[Start of Attachment]

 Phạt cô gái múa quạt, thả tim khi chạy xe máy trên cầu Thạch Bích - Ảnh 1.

[End of Attachment]
[Start of Attachment]

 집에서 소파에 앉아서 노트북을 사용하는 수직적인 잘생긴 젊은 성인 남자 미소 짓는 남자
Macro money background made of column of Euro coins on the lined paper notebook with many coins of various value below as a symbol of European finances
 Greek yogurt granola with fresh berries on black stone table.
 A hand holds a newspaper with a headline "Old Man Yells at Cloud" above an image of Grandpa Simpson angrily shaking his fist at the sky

[End of Attachment]
[Start of Attachment]

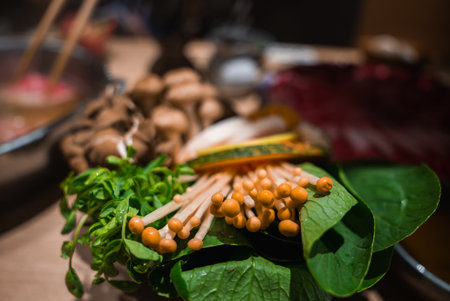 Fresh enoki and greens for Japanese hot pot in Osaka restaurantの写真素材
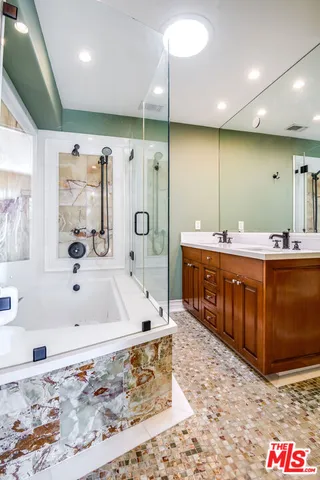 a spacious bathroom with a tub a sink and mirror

[End of Attachment]

The lines above from the one with "집에서 소파에 앉아서" through the one with "A hand holds" are to be duplicated exactly, ends included, with nothing added.

 집에서 소파에 앉아서 노트북을 사용하는 수직적인 잘생긴 젊은 성인 남자 미소 짓는 남자
Macro money background made of column of Euro coins on the lined paper notebook with many coins of various value below as a symbol of European finances
 Greek yogurt granola with fresh berries on black stone table.
 A hand holds a newspaper with a headline "Old Man Yells at Cloud" above an image of Grandpa Simpson angrily shaking his fist at the sky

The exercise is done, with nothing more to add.